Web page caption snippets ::
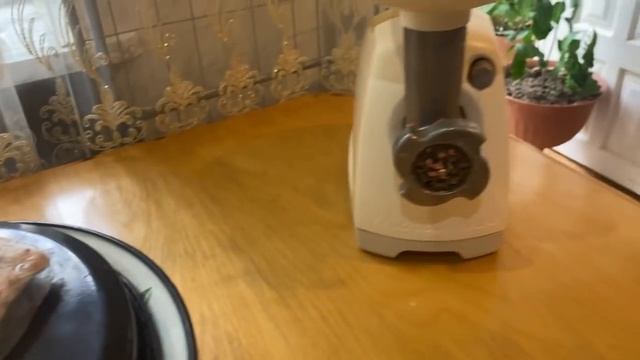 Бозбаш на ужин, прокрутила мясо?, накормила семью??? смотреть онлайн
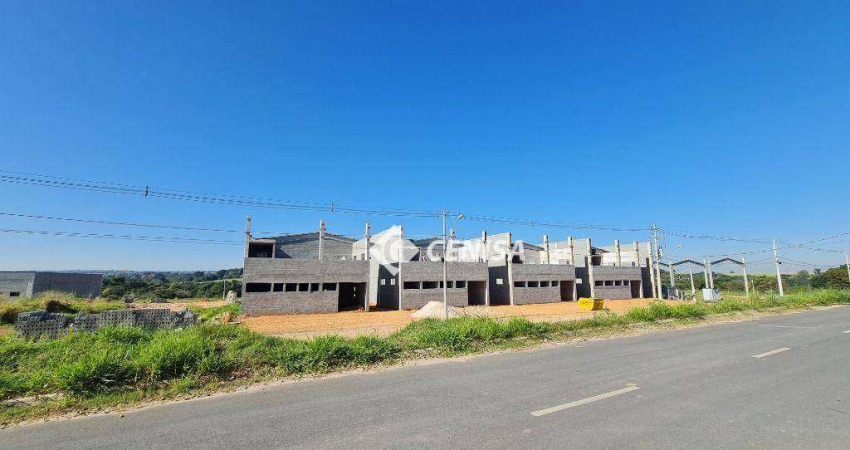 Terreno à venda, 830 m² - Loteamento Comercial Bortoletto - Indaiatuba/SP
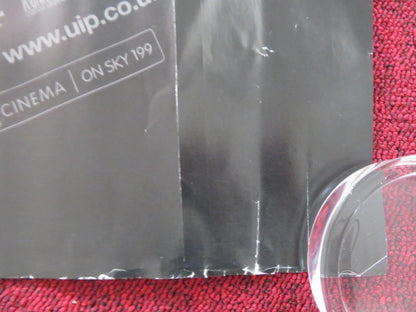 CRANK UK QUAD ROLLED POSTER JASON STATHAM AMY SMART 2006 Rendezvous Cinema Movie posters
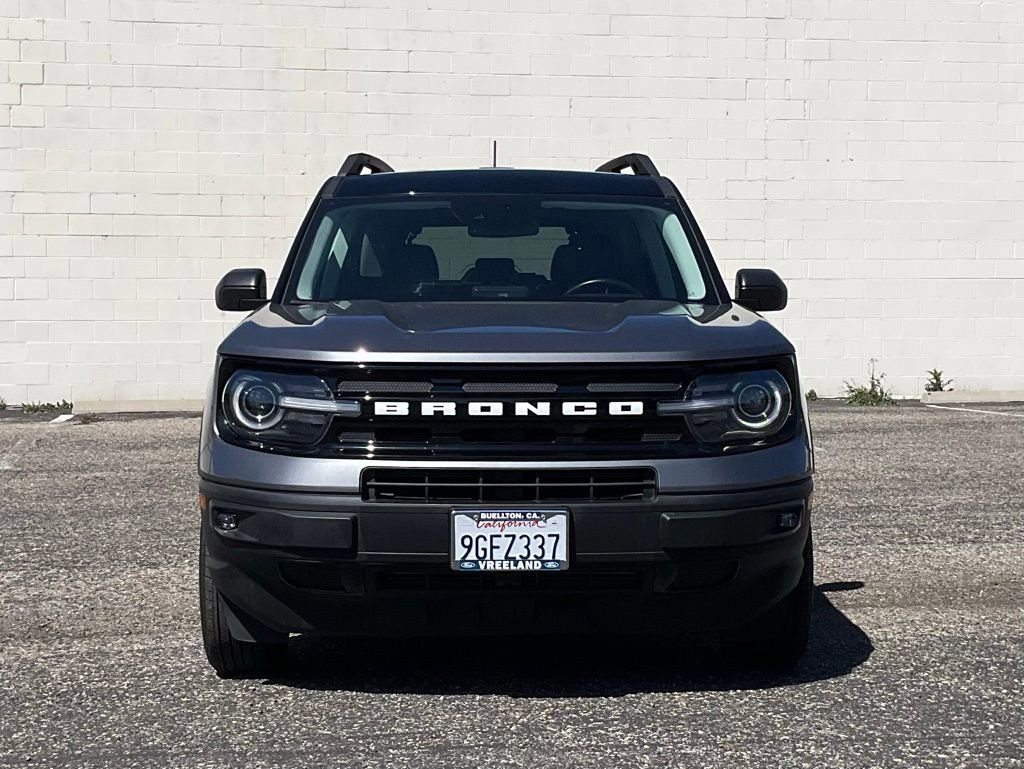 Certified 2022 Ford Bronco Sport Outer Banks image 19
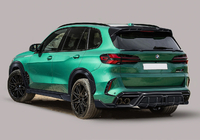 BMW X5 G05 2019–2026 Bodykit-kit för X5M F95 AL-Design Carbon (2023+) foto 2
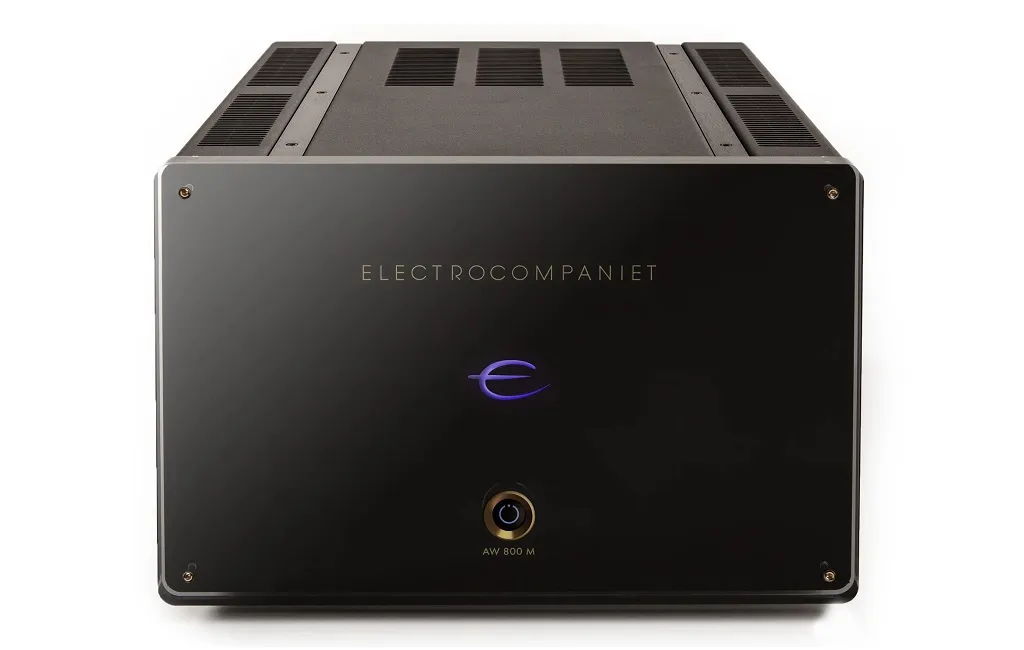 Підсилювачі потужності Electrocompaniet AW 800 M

Brief ::
Retype all the data exactly; skip the pictures.

Solution to this problem ::
 Бозбаш на ужин, прокрутила мясо?, накормила семью??? смотреть онлайн
 Terreno à venda, 830 m² - Loteamento Comercial Bortoletto - Indaiatuba/SP
 CRANK UK QUAD ROLLED POSTER JASON STATHAM AMY SMART 2006 Rendezvous Cinema Movie posters
 Certified 2022 Ford Bronco Sport Outer Banks image 19
 BMW X5 G05 2019–2026 Bodykit-kit för X5M F95 AL-Design Carbon (2023+) foto 2
 Підсилювачі потужності Electrocompaniet AW 800 M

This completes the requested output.